--- START ---
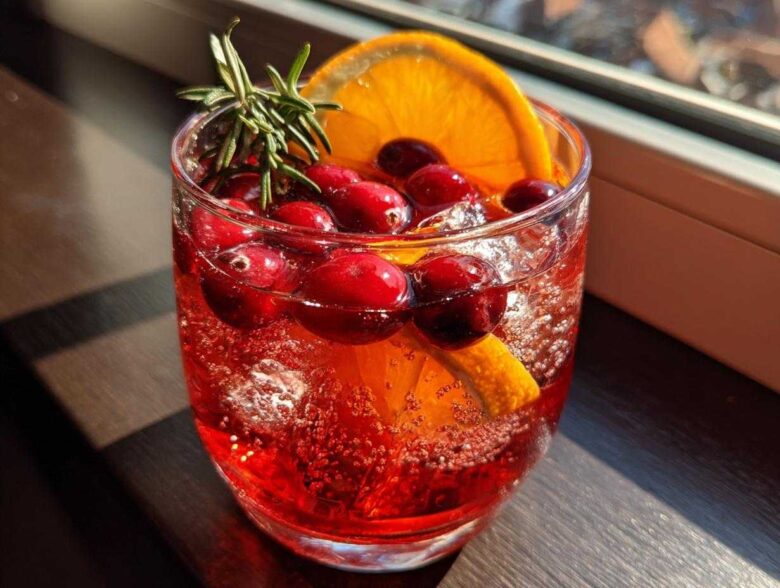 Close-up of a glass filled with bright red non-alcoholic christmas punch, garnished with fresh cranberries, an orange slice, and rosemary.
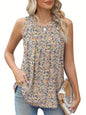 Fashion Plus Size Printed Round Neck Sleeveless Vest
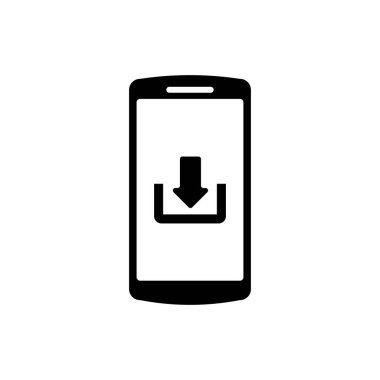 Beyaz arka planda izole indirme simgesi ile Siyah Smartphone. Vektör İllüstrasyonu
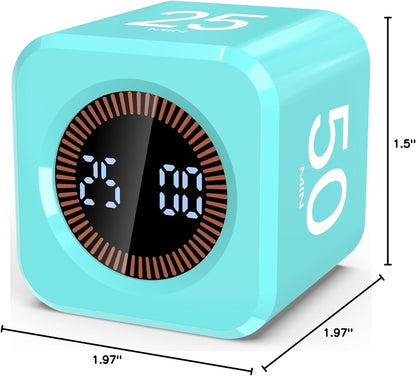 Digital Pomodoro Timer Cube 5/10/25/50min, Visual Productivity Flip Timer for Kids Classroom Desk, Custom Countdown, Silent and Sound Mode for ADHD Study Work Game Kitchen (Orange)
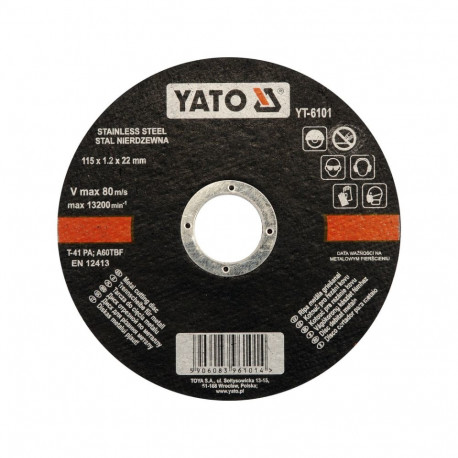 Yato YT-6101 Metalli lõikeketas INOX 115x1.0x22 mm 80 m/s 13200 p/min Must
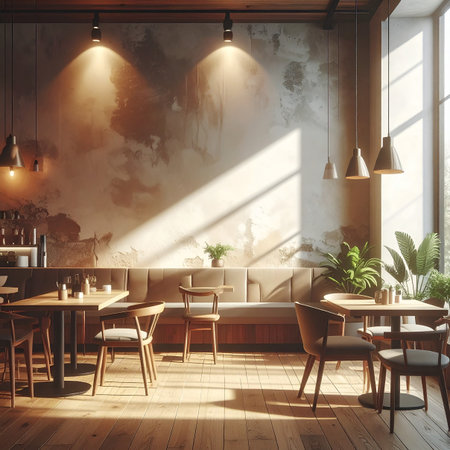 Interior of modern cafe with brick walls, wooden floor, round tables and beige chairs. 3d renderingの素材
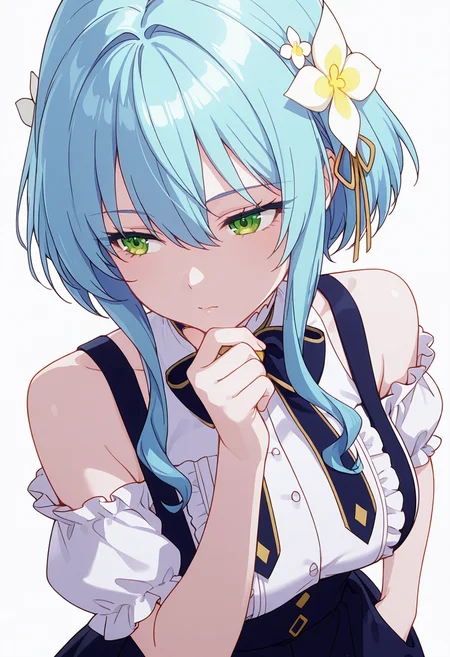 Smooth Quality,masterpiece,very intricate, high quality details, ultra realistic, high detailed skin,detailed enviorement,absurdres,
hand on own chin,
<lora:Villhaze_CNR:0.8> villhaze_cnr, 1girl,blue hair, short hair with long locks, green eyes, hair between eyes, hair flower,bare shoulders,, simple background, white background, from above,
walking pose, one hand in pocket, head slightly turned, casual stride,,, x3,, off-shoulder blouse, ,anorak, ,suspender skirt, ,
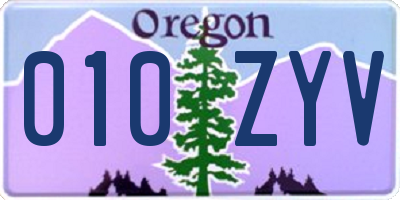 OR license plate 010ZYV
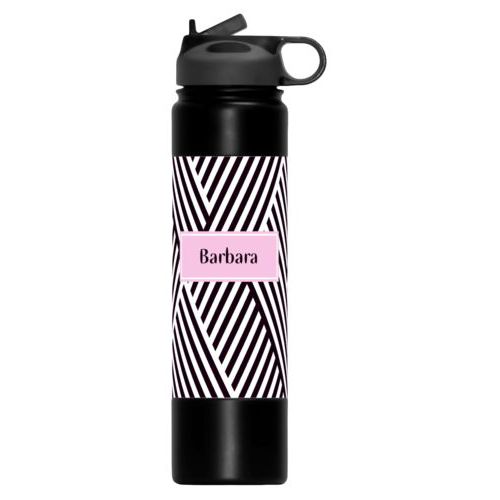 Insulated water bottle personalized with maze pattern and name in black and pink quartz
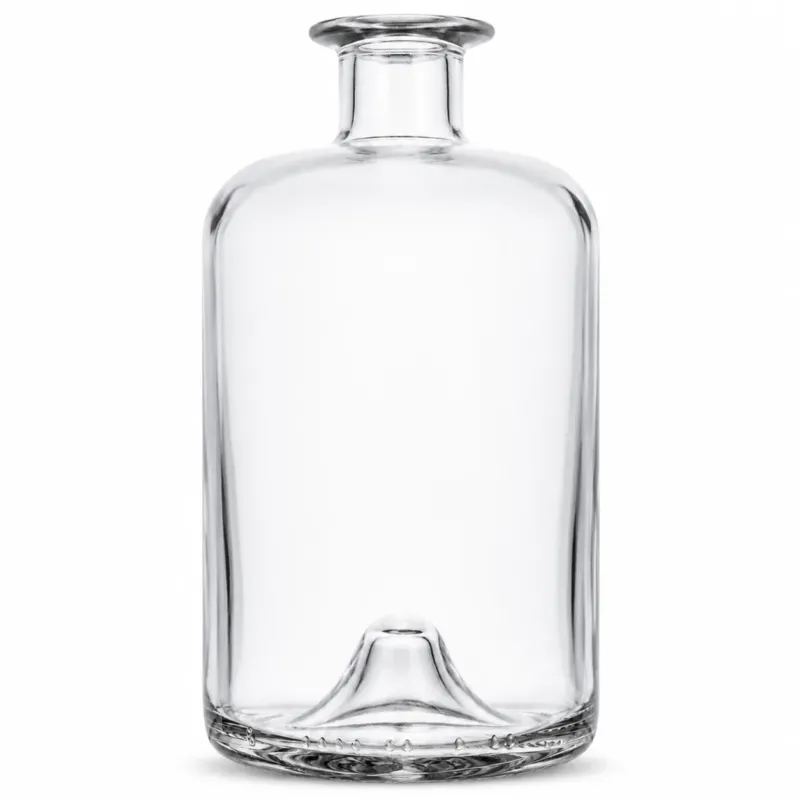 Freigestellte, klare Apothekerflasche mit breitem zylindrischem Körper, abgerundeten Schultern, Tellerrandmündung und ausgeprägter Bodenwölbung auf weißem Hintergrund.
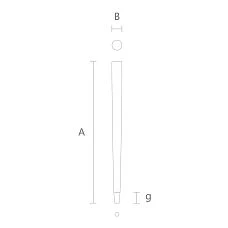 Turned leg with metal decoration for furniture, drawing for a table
--- END ---
Every line above between the one containing "OR license plate 010ZYV" and the one containing "Freigestellte, klare Apothekerflasche", those two included, is to be printed exactly. No pictures go into the copy.

◆ Task answer ◆
 OR license plate 010ZYV
 Insulated water bottle personalized with maze pattern and name in black and pink quartz
 Freigestellte, klare Apothekerflasche mit breitem zylindrischem Körper, abgerundeten Schultern, Tellerrandmündung und ausgeprägter Bodenwölbung auf weißem Hintergrund.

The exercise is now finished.